The victims of an ongoing military crackdown in Myanmar, the refugees claimed not merely that Facebook allowed users to express their anti-Rohingya views, but that Facebook radicalised users – that, in essence, the platform changed beliefs, rather than merely providing a conduit to express them.
The suit is, in many ways, the first of a kind. It targets the manner in which systems – whether they be social media giants, video streaming sites like YouTube, or the myriad of bureaucracies that we all engage with in one way or another almost every day – warp and change beliefs.
But what if the suit underestimates the power of these systems? What if it’s not merely that social and financial enterprises alter beliefs, but that these enterprises have belief sets entirely of their own? More and more, as capitalism continues to ratify itself, we are finding ourselves swept up in communities that operate on the basis of desires that are distinct from the views of any one member of those communities. We are all part of a great, groaning machinery – and it doesn’t want what we want.
Pawns in a Game
There is a key sequence in David Simon’s critically adored television series The Wire that sums up this perspective perfectly. In it, three young men, all of them members of a rickety enterprise of crime, find themselves playing chess. The least experienced man does not understand the game – how, he wants to know, does he get to become the king? He doesn’t, the most experienced man explains. Everyone is who they are.
Still, the younger man wants to know, what about the pawns? Surely when they reach the other side of the board, and get swapped out for queens, they have made it – they have beat the system. No, the experienced man explains. “The pawns get capped quick,” he says, simply.
There is a deep, sad irony to the scene: the three men are all pawns. They have no way of beating the system. They will not even live to become queens. When one of them dies a few episodes later, shot to death by his friend, there is a grim finality to the murder. He did, as expected, get capped quick.
This is the focus of The Wire – the observation that members of any community are expendable when weighed against the desires of that community. The game of chess is bigger than any of the pawns could imagine, a system with its own rules that they are merely contingent parts of. And so it goes with the business of crime.
Not only crime, either. The genius of The Wire is the way that it draws parallels between those who operate outside the law, and those who uphold it. The cops who spend the series cracking down on the drug trade are also pawns, in their way: lowly members of a system that they are utterly unable to change. No matter what side of the law that you fall on, you will find yourself submerged in bureaucracy, The Wire says – in the machinations of a vast system of power relations with a goal to constantly perpetuate itself, at your expense.
These are the systems that Sigmund Freud wrote of in his seminal work, Civilization and Its Discontents. For Freud, there is an essential disconnect between the desires of individuals and the desires of the social communities that they unwillingly become a part of. There are things at foot that are bigger than any of us.
Bureaucracies are not the sum total of the desires and beliefs of the members of those bureaucracies. These systems have a life – a value set – entirely of their own.
Image: HBO
The Game Never Changes
If that is the case, then how does change occur? The Wire offers only dispiriting answers. The show’s idealists – renegade cop Jimmy McNulty, rogue crime boss Omar Little – either find themselves subsumed by the system that lords over them or eliminated. There is a hopelessness to their rebellion. They uselessly throw themselves into the path of a giant piece of machinery, hoping that their mangled bodies slow the inevitable march of progress.

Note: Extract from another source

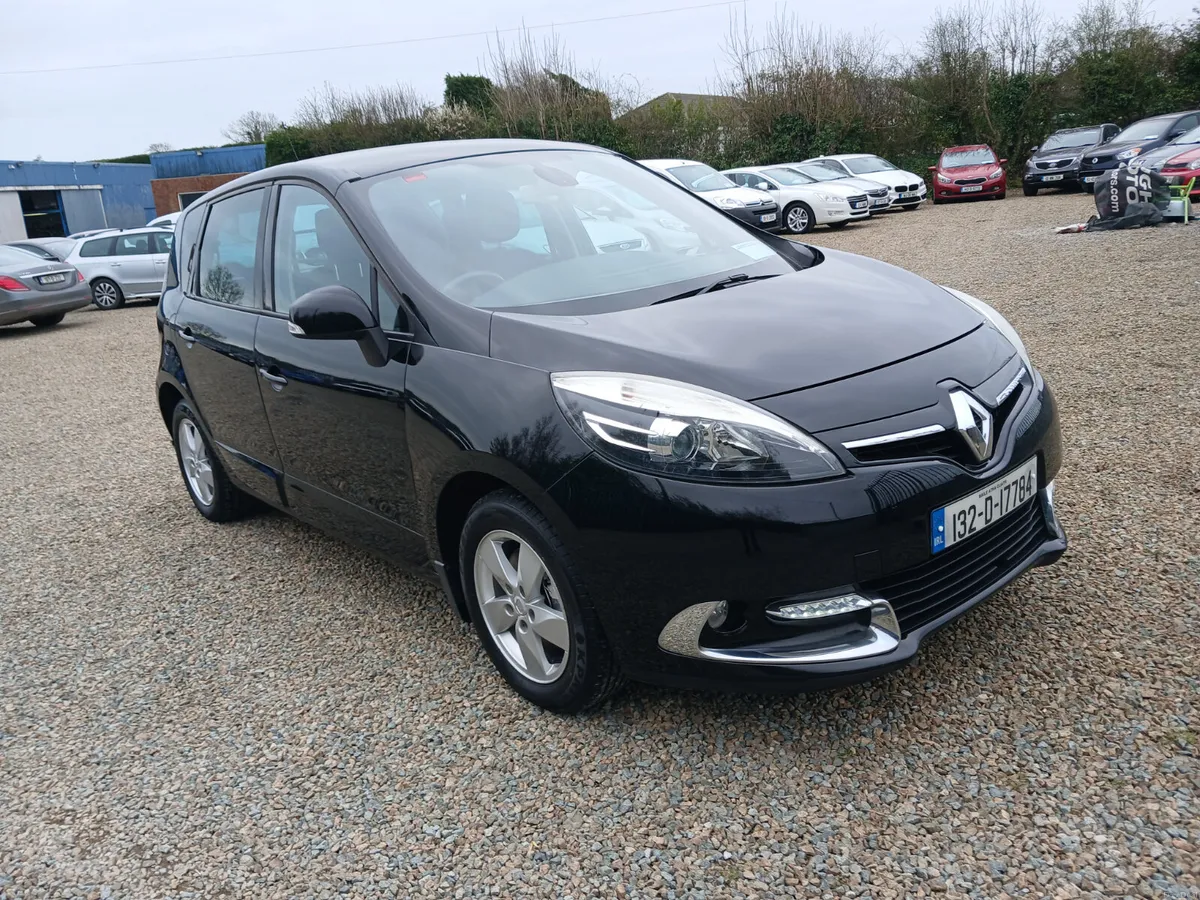 
								Renault Scenic 2013 1.2 petrol full									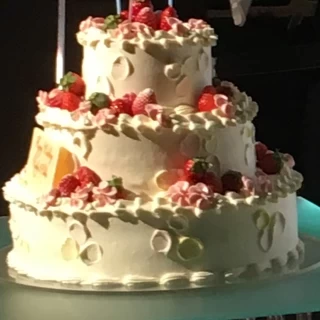 ウェディングケーキ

It doesn’t work. Those who thrive are those who give themselves over entirely to the system, who align their values perfectly with the values of their community and embrace their own insignificance. Snoop, the show’s most hideous and intimidating villain, is a happy pawn, one who has never once considered changing the rules of the game that will send her too into an early, dismal grave.

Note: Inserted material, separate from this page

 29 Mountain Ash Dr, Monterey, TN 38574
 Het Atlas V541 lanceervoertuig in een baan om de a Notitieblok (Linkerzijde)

But what if we all stop playing? That is the solution that The Wire never considers. If these systems, whether they be criminal or judicial, are to be changed, then it requires a different kind of collectivism. We are all part of many communities, not just one. If we remember this – if we understand that we have the power and solidarity that comes from being a member of a particular class, a particular race, a particular gender – then we can fight collective power with collective power. The solution isn’t to get the pawn to the other side of the board. It’s to tip the board over.